## PROBLEM TO SOLVE
Only the lines from the one containing "a kitchen with" to the end of the data below belong in the answer, each repeated exactly; no pictures.

## MATERIAL FOR THIS TASK
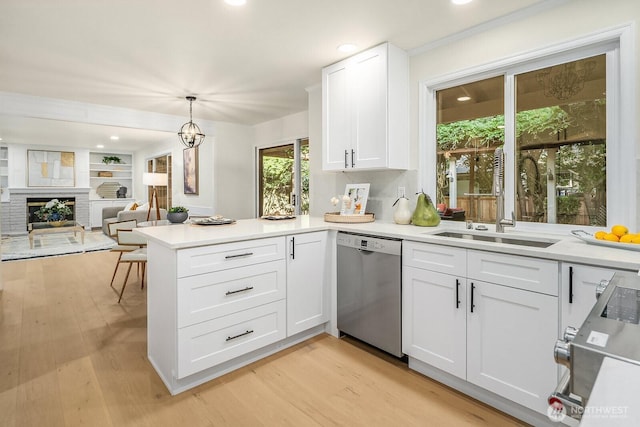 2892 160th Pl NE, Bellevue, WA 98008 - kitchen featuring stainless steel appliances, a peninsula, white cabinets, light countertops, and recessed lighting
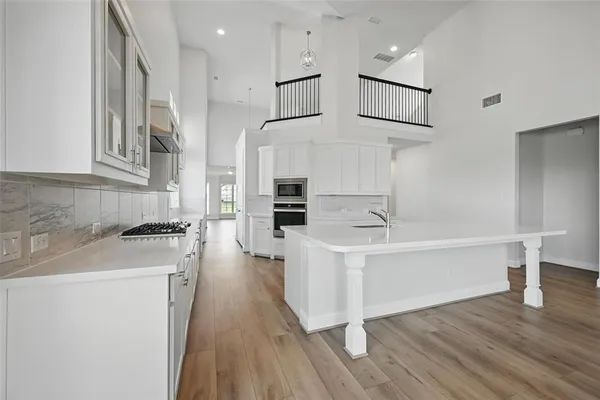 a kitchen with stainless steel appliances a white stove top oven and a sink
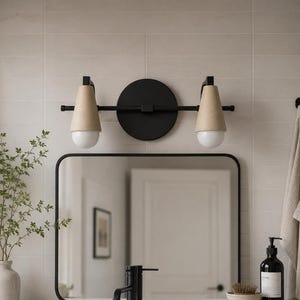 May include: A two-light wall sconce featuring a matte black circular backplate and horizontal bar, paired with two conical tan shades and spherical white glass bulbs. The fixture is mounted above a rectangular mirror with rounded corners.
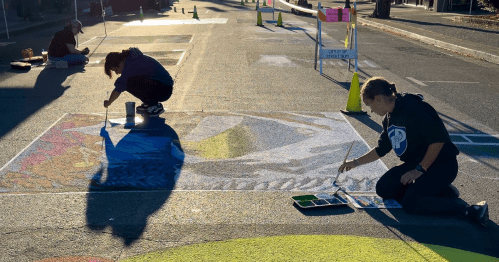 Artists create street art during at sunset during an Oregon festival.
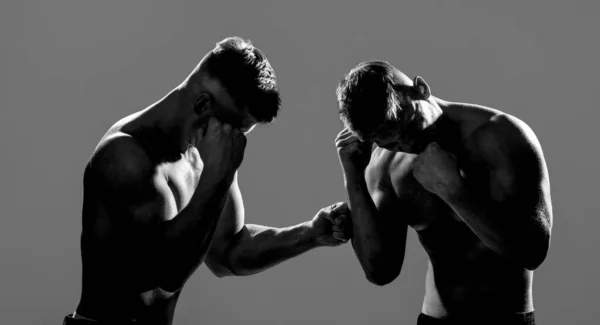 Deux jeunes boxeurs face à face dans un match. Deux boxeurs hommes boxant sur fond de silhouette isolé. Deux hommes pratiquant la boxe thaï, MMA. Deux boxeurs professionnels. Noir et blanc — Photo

## ANSWER SPACE
 a kitchen with stainless steel appliances a white stove top oven and a sink
 May include: A two-light wall sconce featuring a matte black circular backplate and horizontal bar, paired with two conical tan shades and spherical white glass bulbs. The fixture is mounted above a rectangular mirror with rounded corners.
 Artists create street art during at sunset during an Oregon festival.
 Deux jeunes boxeurs face à face dans un match. Deux boxeurs hommes boxant sur fond de silhouette isolé. Deux hommes pratiquant la boxe thaï, MMA. Deux boxeurs professionnels. Noir et blanc — Photo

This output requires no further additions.